In the INDIVIDUAL INTERNAL realm, we can go inward to our personal values, vision, beliefs, and thoughts, or we can express and display them publicly. Either way, the realm is ours to enrich and defend, to inhabit with our larger or smaller needs for planetary resources. We can give more or less access to this realm to others, opening or closing doors to self at our discretion. However, for a sustainable world, we still need to be accountable. I couldn’t help but notice this past Christmas season a house nearby so decked out with lights that it lit up the night. In this darkest of season, this good neighbor’s efforts to brighten our spirits can also be judged as a waste of electricty. The personal choices we make are influenced by the other three realms and by the people with whom we work, learn, play, and do business. We may have choices forced upon us—job loss, family crisis, or economic downturn—but how we respond is our own decision.

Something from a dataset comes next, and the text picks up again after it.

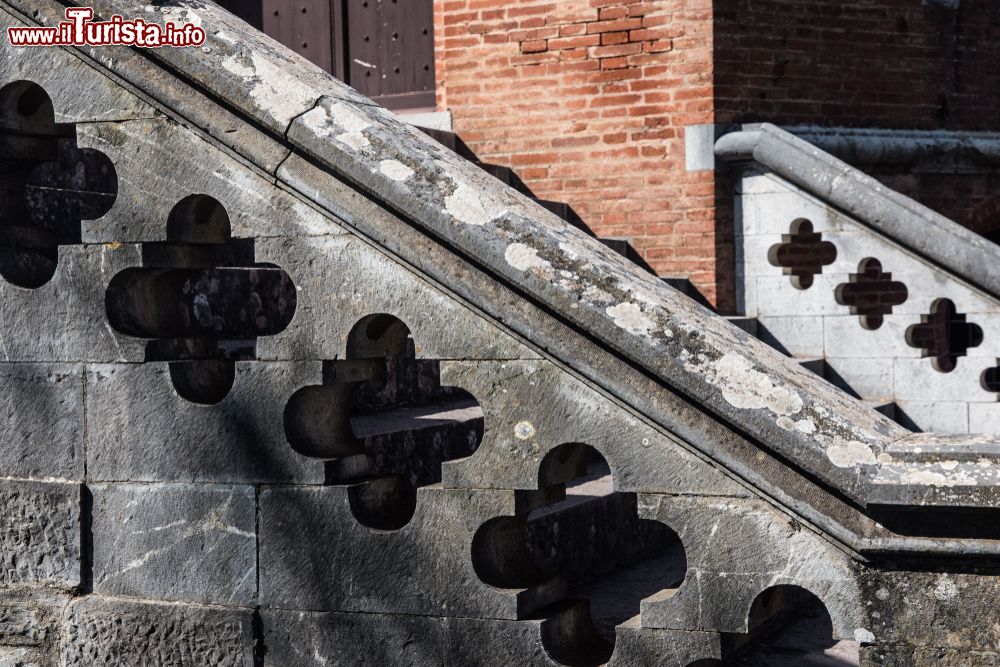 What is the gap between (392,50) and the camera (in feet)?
31.9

In the INDIVIDUAL EXTERNAL realm, we’re still close to home and personal values, but we’re in a more open or public domain. Whether going to a job or to school, volunteering or recreating, we are guided by our dreams and purposes and still, for the most part, we control our individual decisions, whether to plant a garden or laze away summer vacation. Again, the choices we make are influenced by the other three realms. From here, we oversee both of the individual realms and look out to the collective realms, but our vantage point is not as all encompassing as in the Collective External.

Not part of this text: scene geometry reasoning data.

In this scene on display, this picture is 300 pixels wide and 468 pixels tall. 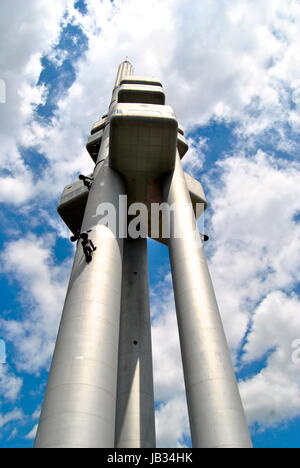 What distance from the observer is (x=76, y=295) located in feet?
52.5

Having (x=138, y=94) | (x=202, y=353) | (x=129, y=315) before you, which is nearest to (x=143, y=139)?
(x=138, y=94)

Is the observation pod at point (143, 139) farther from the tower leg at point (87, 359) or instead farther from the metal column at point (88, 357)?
the tower leg at point (87, 359)

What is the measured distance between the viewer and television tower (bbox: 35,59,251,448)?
12406 millimetres

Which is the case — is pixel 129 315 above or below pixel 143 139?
below

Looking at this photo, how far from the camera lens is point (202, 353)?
14.2 m

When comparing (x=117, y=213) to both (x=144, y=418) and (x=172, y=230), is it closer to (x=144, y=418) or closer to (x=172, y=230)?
(x=172, y=230)

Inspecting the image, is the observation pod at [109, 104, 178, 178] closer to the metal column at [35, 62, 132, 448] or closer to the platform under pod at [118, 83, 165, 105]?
the metal column at [35, 62, 132, 448]

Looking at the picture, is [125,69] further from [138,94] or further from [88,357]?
[88,357]

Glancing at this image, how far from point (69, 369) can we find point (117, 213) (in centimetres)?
996

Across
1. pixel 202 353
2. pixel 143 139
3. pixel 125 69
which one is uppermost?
pixel 125 69

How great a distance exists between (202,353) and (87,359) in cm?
454

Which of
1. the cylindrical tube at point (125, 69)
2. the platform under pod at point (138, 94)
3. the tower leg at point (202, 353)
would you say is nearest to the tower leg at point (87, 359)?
the tower leg at point (202, 353)

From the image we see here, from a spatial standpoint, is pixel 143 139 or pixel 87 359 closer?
pixel 87 359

In the COLLECTIVE INTERNAL we’ve ventured beyond the individual realms. Our individual values and visions become part of the mix and may influence the collective values and organizational structure, but they are not absolute. As individuals, we’re accountable to the collective endeavors we choose to join through our work and associations. Here the corporate or nonprofit entity has a persona—a company may become known for its sustainable or unsustainable practices, may be perceived as an organization that values family and promotes social benefit or not. The “face,” personality, and character of the organization appears in the branding, messaging, bricks and mortar, products, advertising, etc. The organization has control, for the most part, of what it displays for public view. But because it is a corporate body inhabited by many human beings, privacy cannot be guaranteed, even for a private company. If there is “secret” behavior that compromises the expressed mission and values, it will most likely be found out and broadcast. Damage control will be needed. So it’s important that everyone in the organization is accountable for the enterprise’s purposes, practices, and behaviors. Accountability and honesty—”authentic” behavior— enable trust to be established within the corporation and with the world at large. Goodwill equity and all other corporate equity relies on that trust going forward.

In the COLLECTIVE EXTERNAL, individuals have much less control, in most ways, than over individual internal and individual external decisions, yet we do have some control. As consumers and customers, we make choices. As suppliers and providers of services we make choices. As stakeholders sitting on boards or voting in elections, we make choices. In this realm, there is opportunity for broad outlook and overlook of how all the realms work together, where the paths intersect, and how various systems—natural, business, government—influence one another. As individuals, we connect with the collective external every day in all that we do. Its impact on our lives and future is profound; our contribution to it and stake in its well-being is of ultimate concern for us all.